This judgment ‘Zee Entertainment Enterprises Ltd. v Invesco Developing Markets Fund Suit (L) 2021’ was decided upon a constructive approach that acknowledged the legal complexities and entanglements in the law but did not extensively address the legal technicalities on the basis of the factual circumstances of the case. The judgment took no attempt in commenting on the reality… Read More »

This judgment ‘Zee Entertainment Enterprises Ltd. v Invesco Developing Markets Fund Suit (L) 2021’ was decided upon a constructive approach that acknowledged the legal complexities and entanglements in the law but did not extensively address the legal technicalities on the basis of the factual circumstances of the case. The judgment took no attempt in commenting on the reality of corporate governance. This judgment if precedential enables an established board of directors to use this interpretation of Section 100 of the Act to fend off activist shareholders, even if the proposed changes are in the best interests of the firm and its shareholders as a whole.

Citation: Suit (L) No. 22522 Of 2021 (Bom)

Coram- G.S. Patel, J.

Facts

  • 11th September 2021 Invesco issued the Requisition Notice for requisitioned Extraordinary General Meeting (hereinafter as EGM) that is signed by the shareholders holding more than 10% of Zee’s equity and delivered to Zee’s registered office.
  • Items of Requisition Notice
    • Removal of Punit Goenka as a director with no mentioning of MIB approval
    • Removal of director Mr Manish Chokhani and Mr. Ashok Kurien with no mentioning of MIB approval.
    • Appointment of six independent directors subject to MIB approval.
  • 14th September 2021- Resignation of Chokhlani and Ashok Kurien which leaves the company with Managing Director and six other existing independent directors on the Board.
  • 15th September 2021 – Invesco intimated Zee whether MIB had approved for the appointment of independent directors or not. Later that day, Invesco delivered further documents outlining the qualifications and expertise of several of the directors it wanted to appoint.
  • September 20, 2021 – Invesco submitted updated forms, annexures, and supplementary documents.

Procedural History

  • Zee would have had time till October 3rd, 2021 to convene the EGM as per the statute of the Companies Act but Invesco filed a petition before NCLT against Zee to call and hold an EGM of Zee on or before 28th October 2021 which is pending followed by order of NCLAT.
  • 1st October 2021- The Board upon the Board meeting concluded that the Resolution Notice was invalid hence the EGM cannot be convened since it was not in the best interests of Zee and its shareholders and decided that the company should question the validity of the Requisition Notice before the Court and the same was intimated to Invesco citing Requisitioned Notice is in contravention of the following provisions
    1. Regulation 17 of the SEBI Listing Regulations
    2. Section 203 of the Companies Act
    3. MIB Guidelines and contrary to Zee’s Articles of Association
    4. Mandatory statutory provisions regarding a Nomination and Remuneration Committee as also the approval and opinion of the Board, all of which were pre-requisites to the appointment or removal of any director
    5. Violate the SEBI Takeover Regulations and the Competition Act.

Issues

  1. Whether the Court has jurisdiction to decide the issue at hand
  2. Whether Board of Directors are entitled to refuse the convening of EGM or shareholder’s meeting in terms of requisition notice

[2.1] Scope of ‘Validity’ of Requisition Notice as required as per Section 100 of the Companies Act, 2013
[2.2] Determining legality of the resolution proposed in the Requisitioned Notice
[2.2.1] Whether the Court can assess the legality of the resolutions proposed at the requisitioned EGM

Rules

  • Section 100 of Companies Act, 2013– Calling of EGM can be initiated by Board of Directors or by those shareholders who hold at least 10% of the equity shares of the company share capital. Such convening of the EGM shall be done by the Board of Directors within 45 days from the date of receipt of such requisitioned notice.

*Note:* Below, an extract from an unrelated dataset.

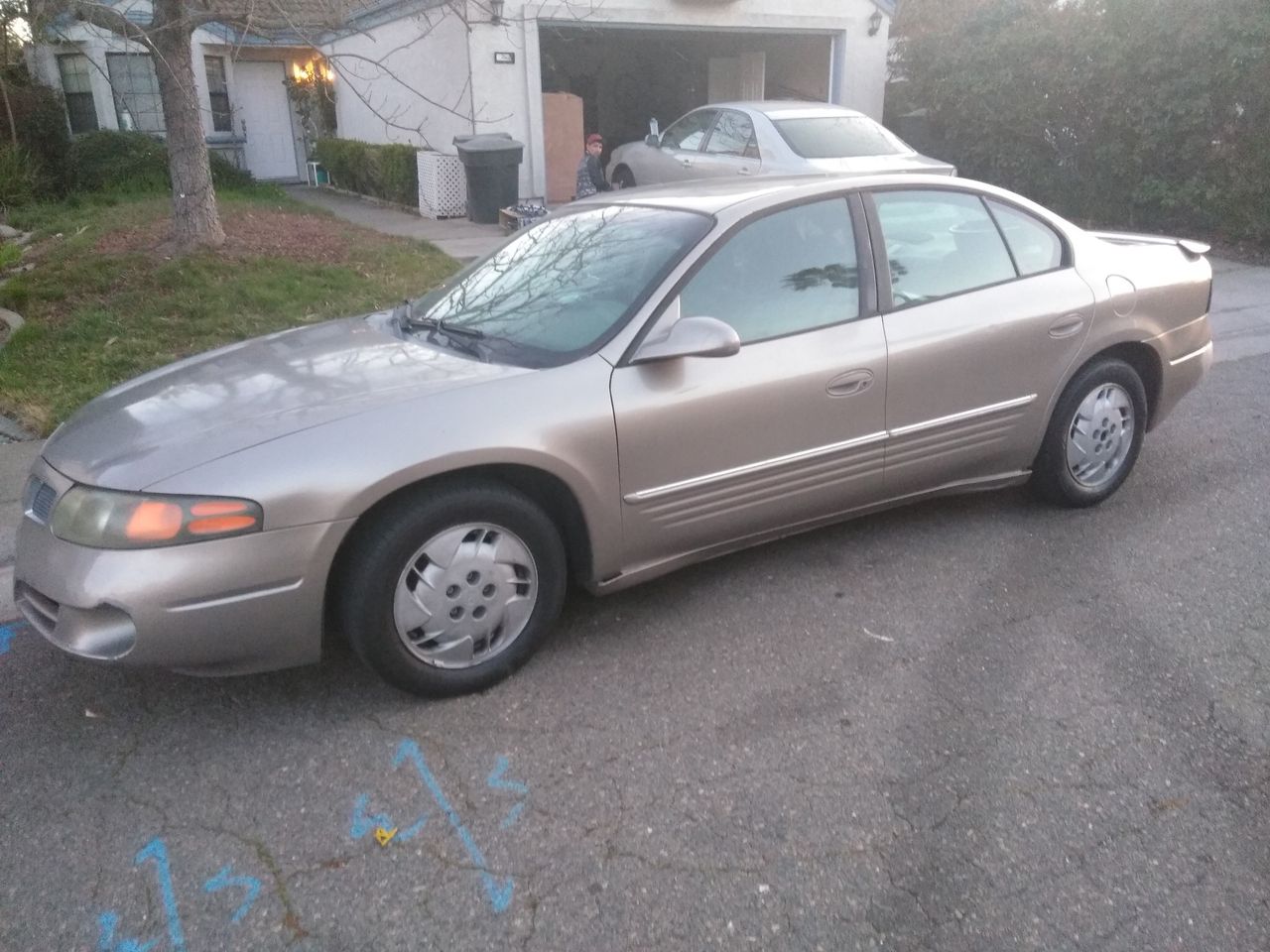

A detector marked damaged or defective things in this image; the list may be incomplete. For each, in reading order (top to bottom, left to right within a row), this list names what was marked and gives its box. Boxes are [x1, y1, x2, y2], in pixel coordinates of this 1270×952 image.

The matters to be considered in the EGM are to be addressed or set out in the requisition which is to be signed by requisitionists and sent to registered office of the company. Upon the receiving of a valid requisition, the Board is given a time frame of 21 days to hold EGM and if the same is not proceeded within 45 days of the receipt of requisition, EGM may be called and held by the requisitionists within three months of receipt of the requisition.[1]

  • Section 430 of Companies Act, 2013- no civil court has the jurisdiction to decide upon the matters and proceedings that are solely empowered to be determined by NCLT/NCLAT and no injunction on the same would be granted in respect of any action taken or to be taken in pursuance of the power conferred by this Act or any other law for the time being in force, by the Tribunal, Appellate Tribunal.[2]

Analysis

Issue of Jurisdiction

It was the submission of the defendant counsel that Section 430 of the Companies Act bars civil court’s jurisdiction in the determination of any matter or proceeding that the NCLT and NCLAT are empowered to. However, the Court discarded this submission with the backing of NCLT Rulings which do not include Sections 100, 149, 150 or 168 in the list of provisos over which NCLT/NCLAT have jurisdiction. Moreover, since the present petition has prayed for grant of injunction against Invesco, Defendant Company, from holding the EGM and not against the NCLT from passing order on the petition of Invesco, the very same contention of the defendant counsel has been dismissed.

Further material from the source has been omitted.